Inverse Trigonometric Functions
Inverse trigonometric functions, also known as arcfunctions, allow us to find angles when we know the values of trigonometric functions. In relation to integration, they frequently appear as antiderivatives, particularly when the integrand is in a form that suggests a trigonometric substitution.
For instance, the integral of \( \frac{1}{1+x^2} \) is \( \arctan(x) + C \), as was seen in our step-by-step solution where we integrated \( \frac{u}{1+u^2} \) to obtain \( \arctan(u) \). In a broader sense, recognizing when to apply inverse trigonometric functions can simplify the integration process and lead to straightforward solutions.
The main inverse trigonometric functions include arcsine \( (\arcsin) \), arccosine \( (\arccos) \), and arctangent \( (\arctan) \), each with their respective domains and ranges that must be considered when solving integrals.
For instance, the integral of \( \frac{1}{1+x^2} \) is \( \arctan(x) + C \), as was seen in our step-by-step solution where we integrated \( \frac{u}{1+u^2} \) to obtain \( \arctan(u) \).
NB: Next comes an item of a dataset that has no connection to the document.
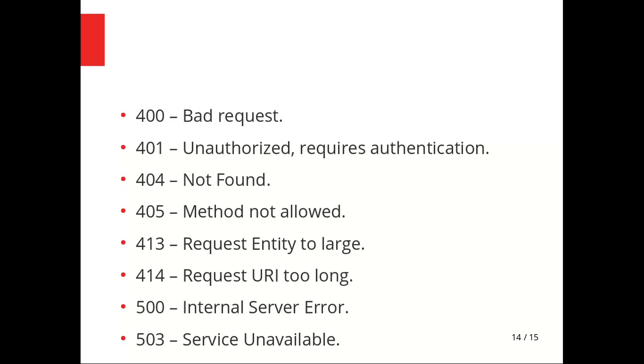414 is same as 413, just causes a buffer overflow saying the URL you entered is too long. 500 Internal Server Error means something messed up in the server. Some data you inputted causes an exception that isn't being handled in the server-side code. These are always fun to look around. 503 Service Unavailable means the server is up but the service you're looking for is down. That's the end of the slide.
In a broader sense, recognizing when to apply inverse trigonometric functions can simplify the integration process and lead to straightforward solutions.
The main inverse trigonometric functions include arcsine \( (\arcsin) \), arccosine \( (\arccos) \), and arctangent \( (\arctan) \), each with their respective domains and ranges that must be considered when solving integrals.
Hyperbolic Trigonometry
Hyperbolic trigonometry involves hyperbolic functions, such as \( \sinh \), \( \cosh \), and \( \tanh \), which are analogues of the familiar trigonometric functions but relate to a hyperbola rather than a circle.
These functions have properties and relationships akin to those of trigonometric functions, such as the hyperbolic identity \( \cosh^2(x) - \sinh^2(x) = 1 \), analogous to the Pythagorean identity in trigonometry. In our exercise, the function \( \sinh(x) \) was pivotal, and understanding its behavior was key to solving the integral.
Just like their trigonometric counterparts, hyperbolic functions have inverse functions that are frequently used in calculus. For example, \( \text{arsinh} \) or \( \text{arcosh} \) may be used when integrating expressions involving hyperbolic functions. Mastering these concepts is essential for students to tackle integrals that involve hyperbolic terms.
These functions have properties and relationships akin to those of trigonometric functions, such as the hyperbolic identity \( \cosh^2(x) - \sinh^2(x) = 1 \), analogous to the Pythagorean identity in trigonometry. In our exercise, the function \( \sinh(x) \) was pivotal, and understanding its behavior was key to solving the integral.
Just like their trigonometric counterparts, hyperbolic functions have inverse functions that are frequently used in calculus. For example, \( \text{arsinh} \) or \( \text{arcosh} \) may be used when integrating expressions involving hyperbolic functions. Mastering these concepts is essential for students to tackle integrals that involve hyperbolic terms.